Macedo cita um trabalho publicado em 2019 na revista científica Drug and Alcohol Dependence que mostrou um risco nove vezes maior de condenação por um crime entre os usuários dos EAA em comparação com um grupo de controle.

Os efeitos colaterais também são principalmente cardíacos, com um risco aumentado de embolia com trombose, arritmia e de mortalidade no geral. Macedo, que coordena o ambulatório de Endocrinologia do Exercício da Unifesp, serviço de referência para pacientes com sequelas de anabolizantes, conta que recebe muitos pacientes jovens, de 30 a 40 anos, com problemas cardiovasculares graves, como infarto do miocárdio.

Muitas vezes, os indivíduos utilizam doses até 100 vezes o indicado para pessoas com deficiência do hormônio, e as combinam com outras drogas que prometem reduzir os efeitos colaterais – o que também é perigoso.

— Na hora que você está utilizando uma outra medicação ela pode até impedir algumas consequências físicas, mas não vai impedir danos no fígado ou no coração. E o anabolizante aumenta a parede do órgão, o que leva a problemas sérios — explicou Andréa Fioretti, endocrinologista e uma das coordenadoras do ambulatório da Unifesp.

Nas mulheres, alguns efeitos mais visíveis observados são a alteração na voz, aumento do clitóris, de pelo, queda de cabelo, irregularidade menstrual, entre outros decorrentes da característica masculinizante do EAA. Além disso, em ambos os sexos pode levar a hepatites, que são inflamações no fígado.
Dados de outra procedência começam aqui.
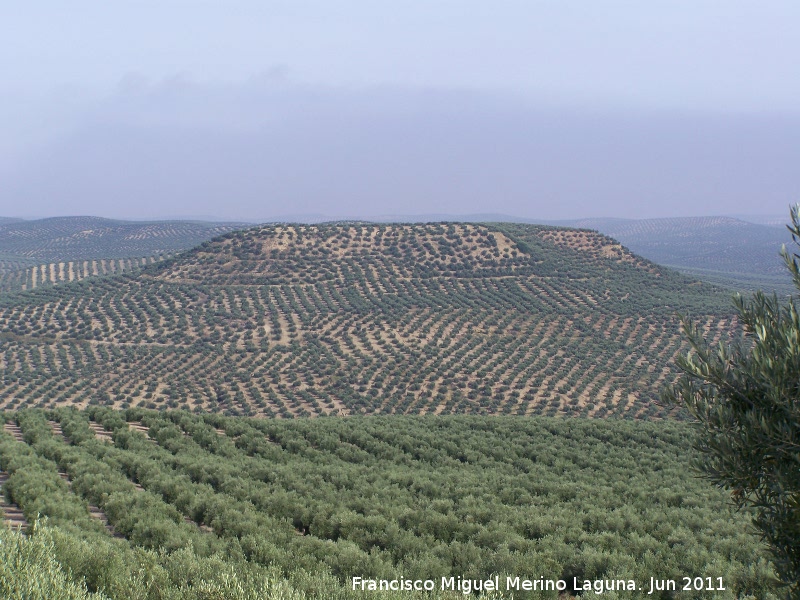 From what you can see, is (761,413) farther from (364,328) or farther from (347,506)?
(364,328)

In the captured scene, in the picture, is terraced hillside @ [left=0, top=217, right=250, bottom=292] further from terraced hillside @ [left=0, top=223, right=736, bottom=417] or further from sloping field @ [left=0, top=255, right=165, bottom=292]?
terraced hillside @ [left=0, top=223, right=736, bottom=417]

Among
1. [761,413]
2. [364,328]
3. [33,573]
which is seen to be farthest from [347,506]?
[364,328]

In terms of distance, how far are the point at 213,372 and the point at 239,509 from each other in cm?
2929

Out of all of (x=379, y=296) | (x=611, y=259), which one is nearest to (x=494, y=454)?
(x=379, y=296)

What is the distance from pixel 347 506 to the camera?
12.7 metres

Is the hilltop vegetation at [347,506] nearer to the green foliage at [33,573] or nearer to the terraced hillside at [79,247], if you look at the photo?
the green foliage at [33,573]

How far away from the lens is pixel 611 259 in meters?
68.1

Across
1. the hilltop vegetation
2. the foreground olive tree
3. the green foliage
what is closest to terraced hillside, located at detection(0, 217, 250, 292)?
the hilltop vegetation

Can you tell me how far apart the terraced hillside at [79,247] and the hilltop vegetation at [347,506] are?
74397 millimetres

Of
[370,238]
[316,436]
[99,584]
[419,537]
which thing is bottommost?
[316,436]

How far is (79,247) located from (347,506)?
144024 millimetres

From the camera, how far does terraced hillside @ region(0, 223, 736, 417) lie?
35.7m

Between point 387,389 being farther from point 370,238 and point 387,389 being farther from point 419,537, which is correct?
point 370,238

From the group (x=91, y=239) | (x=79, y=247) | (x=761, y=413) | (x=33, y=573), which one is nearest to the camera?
(x=761, y=413) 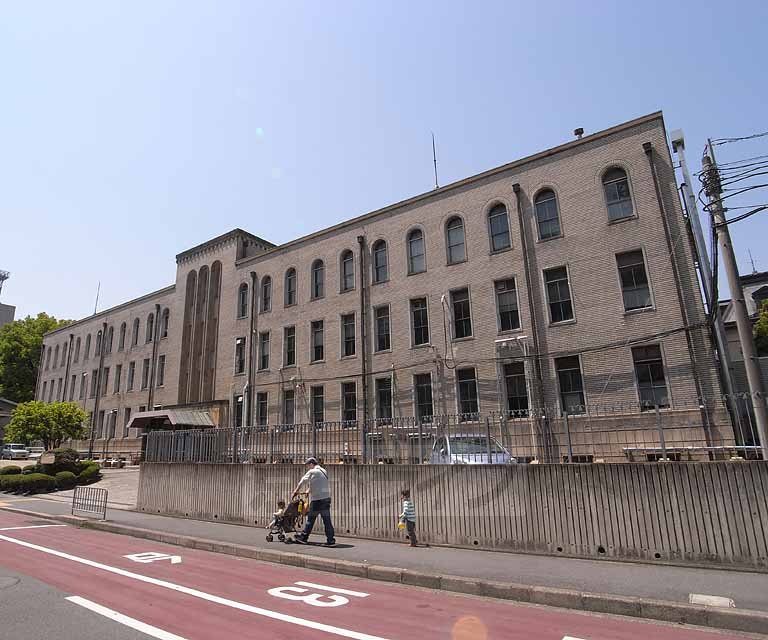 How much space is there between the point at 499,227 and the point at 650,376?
8894 millimetres

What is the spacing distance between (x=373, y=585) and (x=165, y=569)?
3.90 metres

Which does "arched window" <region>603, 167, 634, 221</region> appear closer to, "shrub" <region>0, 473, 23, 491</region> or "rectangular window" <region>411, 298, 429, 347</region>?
"rectangular window" <region>411, 298, 429, 347</region>

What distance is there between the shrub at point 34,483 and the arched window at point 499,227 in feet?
82.2

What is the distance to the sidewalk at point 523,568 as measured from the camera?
6504 millimetres

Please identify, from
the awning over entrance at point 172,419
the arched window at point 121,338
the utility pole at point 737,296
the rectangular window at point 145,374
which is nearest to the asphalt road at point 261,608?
the utility pole at point 737,296

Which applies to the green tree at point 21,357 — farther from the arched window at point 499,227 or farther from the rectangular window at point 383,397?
the arched window at point 499,227

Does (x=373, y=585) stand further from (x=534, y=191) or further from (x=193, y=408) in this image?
(x=193, y=408)

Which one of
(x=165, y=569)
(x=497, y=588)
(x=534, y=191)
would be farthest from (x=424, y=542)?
(x=534, y=191)

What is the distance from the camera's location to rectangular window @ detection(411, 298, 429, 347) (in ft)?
76.4

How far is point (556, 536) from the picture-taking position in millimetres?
9031

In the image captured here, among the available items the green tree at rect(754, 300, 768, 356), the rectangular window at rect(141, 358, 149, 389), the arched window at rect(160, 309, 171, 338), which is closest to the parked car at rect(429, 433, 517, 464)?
the green tree at rect(754, 300, 768, 356)

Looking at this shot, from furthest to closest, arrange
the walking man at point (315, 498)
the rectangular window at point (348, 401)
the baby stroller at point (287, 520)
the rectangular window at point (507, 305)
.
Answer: the rectangular window at point (348, 401) < the rectangular window at point (507, 305) < the baby stroller at point (287, 520) < the walking man at point (315, 498)

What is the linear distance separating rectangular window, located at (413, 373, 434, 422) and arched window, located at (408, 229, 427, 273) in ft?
17.2

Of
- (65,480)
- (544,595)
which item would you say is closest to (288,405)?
(65,480) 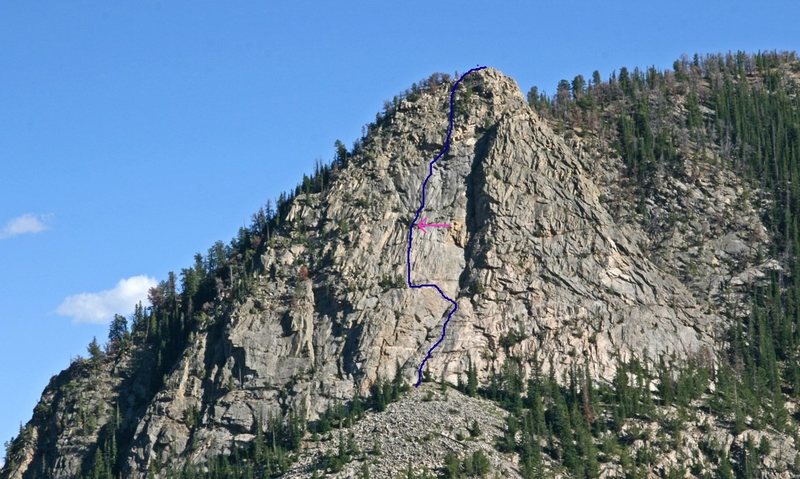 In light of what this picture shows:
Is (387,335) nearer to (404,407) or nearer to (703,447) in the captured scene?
(404,407)

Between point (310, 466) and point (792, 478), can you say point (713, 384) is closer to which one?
point (792, 478)

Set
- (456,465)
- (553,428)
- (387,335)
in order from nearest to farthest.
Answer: (456,465)
(553,428)
(387,335)

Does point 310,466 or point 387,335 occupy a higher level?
point 387,335

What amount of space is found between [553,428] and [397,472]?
2089 centimetres

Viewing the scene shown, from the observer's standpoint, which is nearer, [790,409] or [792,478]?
[792,478]

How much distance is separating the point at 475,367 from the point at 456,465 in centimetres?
2352

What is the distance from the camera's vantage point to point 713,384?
197 m

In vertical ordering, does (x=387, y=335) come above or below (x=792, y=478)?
above

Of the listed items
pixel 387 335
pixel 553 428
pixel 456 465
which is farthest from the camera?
pixel 387 335

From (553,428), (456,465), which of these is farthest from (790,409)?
(456,465)

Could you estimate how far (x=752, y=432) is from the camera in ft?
612

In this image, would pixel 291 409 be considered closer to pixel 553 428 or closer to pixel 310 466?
pixel 310 466

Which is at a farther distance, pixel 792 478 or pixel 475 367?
pixel 475 367

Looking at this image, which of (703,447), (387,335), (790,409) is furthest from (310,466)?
(790,409) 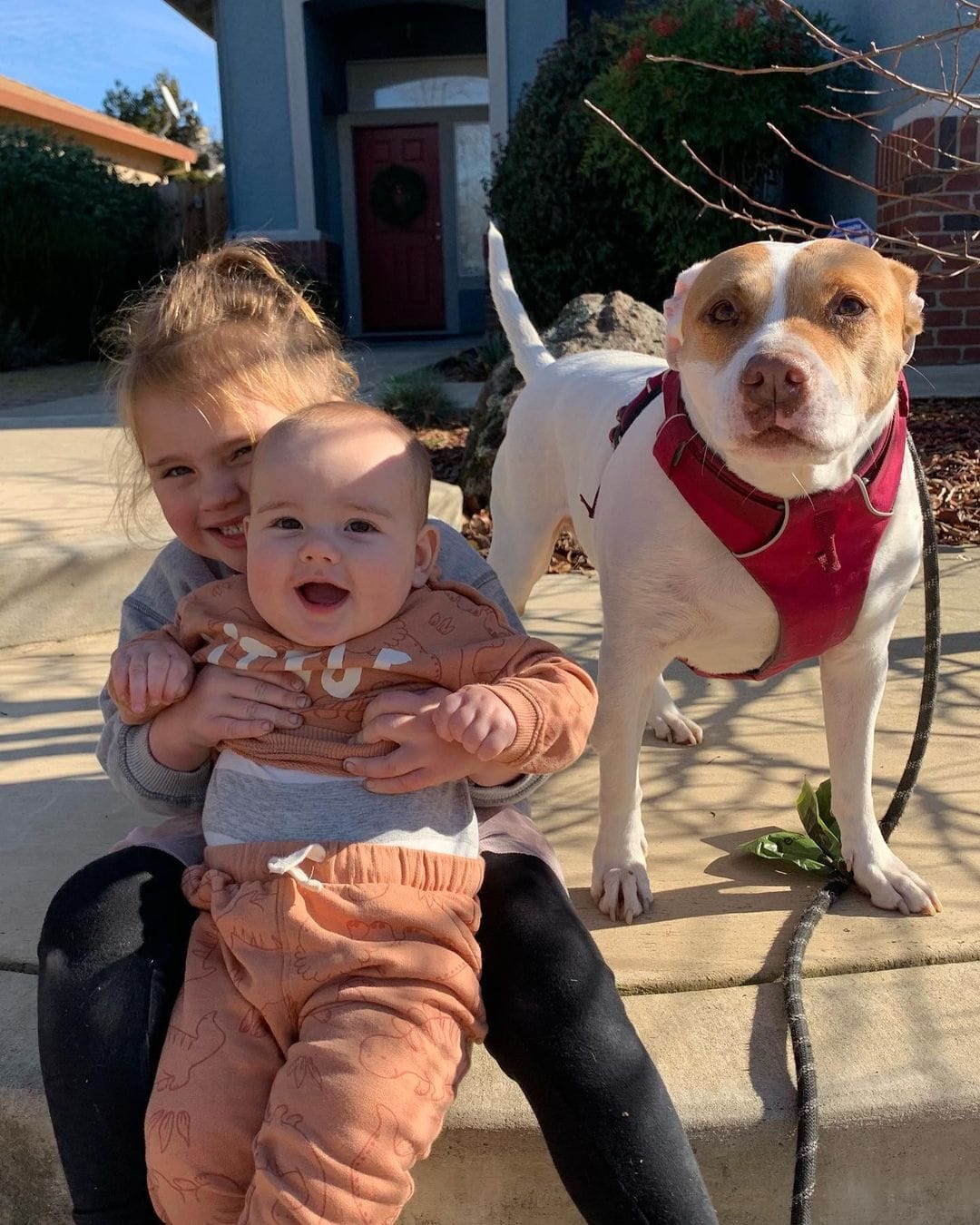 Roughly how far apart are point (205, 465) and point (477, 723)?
769mm

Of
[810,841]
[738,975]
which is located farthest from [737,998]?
[810,841]

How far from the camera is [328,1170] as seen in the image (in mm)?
1380

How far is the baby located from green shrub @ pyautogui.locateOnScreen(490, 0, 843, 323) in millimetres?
7002

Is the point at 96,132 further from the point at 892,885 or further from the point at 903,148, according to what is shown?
the point at 892,885

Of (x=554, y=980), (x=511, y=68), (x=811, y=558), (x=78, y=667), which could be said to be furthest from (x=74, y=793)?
(x=511, y=68)

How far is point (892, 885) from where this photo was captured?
216cm

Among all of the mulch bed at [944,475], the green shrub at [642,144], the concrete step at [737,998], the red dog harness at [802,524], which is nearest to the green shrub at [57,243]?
the green shrub at [642,144]

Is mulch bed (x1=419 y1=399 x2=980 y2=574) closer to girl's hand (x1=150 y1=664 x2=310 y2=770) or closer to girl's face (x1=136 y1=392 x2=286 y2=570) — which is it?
girl's face (x1=136 y1=392 x2=286 y2=570)

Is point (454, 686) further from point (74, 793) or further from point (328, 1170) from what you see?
point (74, 793)

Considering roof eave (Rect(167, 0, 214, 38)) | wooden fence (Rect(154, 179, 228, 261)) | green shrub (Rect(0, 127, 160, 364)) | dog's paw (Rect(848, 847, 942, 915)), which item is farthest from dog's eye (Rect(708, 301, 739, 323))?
wooden fence (Rect(154, 179, 228, 261))

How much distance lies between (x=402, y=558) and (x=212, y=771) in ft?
1.67

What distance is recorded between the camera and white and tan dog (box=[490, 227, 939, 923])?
5.95 ft

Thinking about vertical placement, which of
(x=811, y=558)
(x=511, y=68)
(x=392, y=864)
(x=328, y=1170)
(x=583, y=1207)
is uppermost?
(x=511, y=68)

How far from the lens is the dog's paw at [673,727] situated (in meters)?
3.05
Anabolizantes podem causar perda de libido e infertilidade nos homens?

Outro problema de saúde consequente das drogas que tem chegado com certa frequência nos consultórios são quadros de disfunção na produção natural da testosterona por homens que fazem uso dos esteroides, o que leva à infertilidade e falta de libido.

— Os esteroides acabam inibindo o testícul porque existe uma fisiologia no corpo humano que é muito inteligente, quando você tem uma glândula que produz um certo hormônio, mas você já está tomando esse hormônio de fora, essa glândula fica inibida como uma defesa do organismo para não ter um excesso de produção. Só que isso pode atrofiar o testículo e impedir a produção natural depois — disse Andréa.

Ela acrescenta que é importante estar atento aos riscos pois o uso a longo prazo pode inclusive causar um quadro de dependência, intensificando os riscos.

— O cérebro passa a ter uma uma alteração que diminui o córtex e aumenta uma área que geralmente está aumentada em usuários de outras drogas. Então antes nós imaginávamos que o usuário mantinha o vício porque ele tinha uma distorção de autoimagem, mas hoje sabemos que não é só isso — afirmou a endocrinologista.